You can sit on it and watch your neighbours and competitors get rich. Or you can learn how to take advantage of data as well.
This article will show five of the most powerful ways data can be harnessed to drive business growth.
Image Credit:- The business of big data (Statista)
1. Data spearheads all lead generation
It doesn’t matter if you have the best product or service in the world if you don’t know how to reach your customers.
Your customers are busy people who don’t want to hear from you unless it’s worth their while.
Knowing what they want and how to reach them can mean the difference between a dead business and the next trillion dollar enterprise.
With the advent of data analytics services, businesses can now use channels such as social media to find out what customers really want.
Facebook, Twitter, Pinterest, LinkedIn, YouTube and every other platform can be data mined with applications to fetch the age, gender, email address, geographical location, and even political affiliation of millions of customers.
Additional tools can be used to organize this data into simple, easy to understand information that segments the consumer base according to any desired criteria.
With this, businesses can quickly determine how to prospect for customers. They can track the effectiveness of campaigns they use to reach out to customers with innovative techniques like split testing.
Metrics such as bounce rates, dwell time, and even tools like heat-maps can help you understand what your customers are really thinking about as they read your website.
This is the same as having someone look over the shoulder of your customers and asking them questions about what they’re interested in as they peruse your website.
This provides incredibly practical, useful information that could be used to boost profits if understood and implemented well.
2. Data tells you what works and what doesn’t
As your business grows, you will have many different heads in your organization debating about the best possible course forward.
Out of the countless decisions you can make, how do you know for sure which one leads to profits and which one leads to dead ends?
As a rule of thumb, any good data on hand beats opinion and speculation.
The power of your business lies in micro data that others are failing to take advantage of, not macro data.

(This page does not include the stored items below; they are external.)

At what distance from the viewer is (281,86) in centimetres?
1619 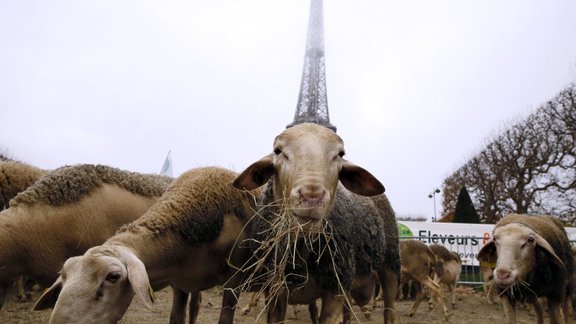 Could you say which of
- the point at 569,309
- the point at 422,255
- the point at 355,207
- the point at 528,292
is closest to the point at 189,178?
the point at 355,207

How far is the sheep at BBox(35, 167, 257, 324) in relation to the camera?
3.41m

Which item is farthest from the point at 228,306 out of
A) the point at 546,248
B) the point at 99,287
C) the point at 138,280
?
the point at 546,248

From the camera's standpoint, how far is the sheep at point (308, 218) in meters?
3.71

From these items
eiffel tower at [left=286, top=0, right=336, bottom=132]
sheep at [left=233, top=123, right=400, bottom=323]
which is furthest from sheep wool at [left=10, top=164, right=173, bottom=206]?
eiffel tower at [left=286, top=0, right=336, bottom=132]

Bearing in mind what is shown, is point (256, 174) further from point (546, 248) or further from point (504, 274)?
point (546, 248)

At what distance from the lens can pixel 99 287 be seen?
342cm

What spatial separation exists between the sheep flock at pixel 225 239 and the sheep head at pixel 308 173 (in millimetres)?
13

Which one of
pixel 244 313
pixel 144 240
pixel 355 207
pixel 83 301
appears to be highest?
pixel 355 207

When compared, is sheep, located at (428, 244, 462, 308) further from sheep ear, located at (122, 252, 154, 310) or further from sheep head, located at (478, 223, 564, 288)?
sheep ear, located at (122, 252, 154, 310)

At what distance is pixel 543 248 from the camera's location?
24.5ft

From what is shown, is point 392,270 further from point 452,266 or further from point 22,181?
point 452,266

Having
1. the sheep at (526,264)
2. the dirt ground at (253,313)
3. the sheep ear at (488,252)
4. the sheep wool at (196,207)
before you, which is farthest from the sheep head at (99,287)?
the sheep ear at (488,252)

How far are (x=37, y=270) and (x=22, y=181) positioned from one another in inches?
90.6

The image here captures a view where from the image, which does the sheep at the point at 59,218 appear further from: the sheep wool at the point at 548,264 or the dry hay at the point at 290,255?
the sheep wool at the point at 548,264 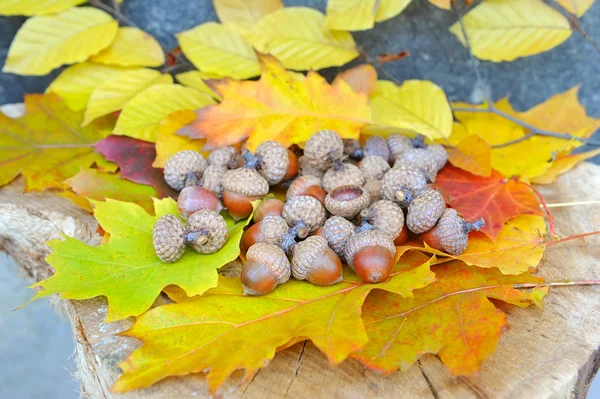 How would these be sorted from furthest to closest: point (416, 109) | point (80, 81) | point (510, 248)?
point (80, 81)
point (416, 109)
point (510, 248)

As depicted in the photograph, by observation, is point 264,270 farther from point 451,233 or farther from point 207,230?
point 451,233

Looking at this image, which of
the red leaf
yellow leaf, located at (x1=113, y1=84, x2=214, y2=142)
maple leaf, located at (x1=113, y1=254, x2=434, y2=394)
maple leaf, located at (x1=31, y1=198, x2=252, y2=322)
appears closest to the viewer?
maple leaf, located at (x1=113, y1=254, x2=434, y2=394)

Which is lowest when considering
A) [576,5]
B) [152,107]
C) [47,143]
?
[47,143]

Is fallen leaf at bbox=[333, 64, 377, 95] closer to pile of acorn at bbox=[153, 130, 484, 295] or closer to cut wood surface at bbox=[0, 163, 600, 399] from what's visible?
pile of acorn at bbox=[153, 130, 484, 295]

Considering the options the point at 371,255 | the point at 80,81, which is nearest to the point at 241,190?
the point at 371,255

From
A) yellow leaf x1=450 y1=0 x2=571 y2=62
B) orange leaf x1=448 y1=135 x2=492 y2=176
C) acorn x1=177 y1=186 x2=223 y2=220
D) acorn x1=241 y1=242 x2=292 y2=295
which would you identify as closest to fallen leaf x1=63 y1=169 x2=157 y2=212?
acorn x1=177 y1=186 x2=223 y2=220

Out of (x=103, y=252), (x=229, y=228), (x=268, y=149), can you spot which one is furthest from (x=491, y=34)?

This is the data obtained from surveys, personalized trackers such as cookies, revealing data such as user age, ethnicity, location, and political affiliations.
Making informed decisions based on micro data will yield exponentially more powerful results because you have concrete, hard images of what your customers are like.
This leaves less room for guess work and the ability to target specific individuals based on specific tastes.
3. Data analytics services mitigate risk.
Every enterprise involves risk. Being a business owner means facing the prospect of employee theft, legal liability, uncollected receivables and unpaying customers.
Facing too much risk recklessly can lead to early bankruptcy. Only 45% of businesses manage to survive their first 5 years after all.
So what is a business owner supposed to do? Never take risks?
It’s all about tactical risk mitigation. Data analytics helps businesses understand the specific risks that affect them with predictive measures that can then be channelled into preventative measures.
Consider a retail business; theft and shoplifting are non-trivial problems for many businesses. Especially ones with low profit margins.
To resolve this problem, an enterprise can run a statistical model that predicts actions and events to determine which of their store-fronts is at higher risk of theft.
The business can then use this information to tactically increase security expenditure at the right places to target and mitigate risks surgically.
Also, consider the costs involved in the manufacturing of a product. If a business overestimates a product’s demand or if it fails to perform well due to market factors, corrective action can be taken.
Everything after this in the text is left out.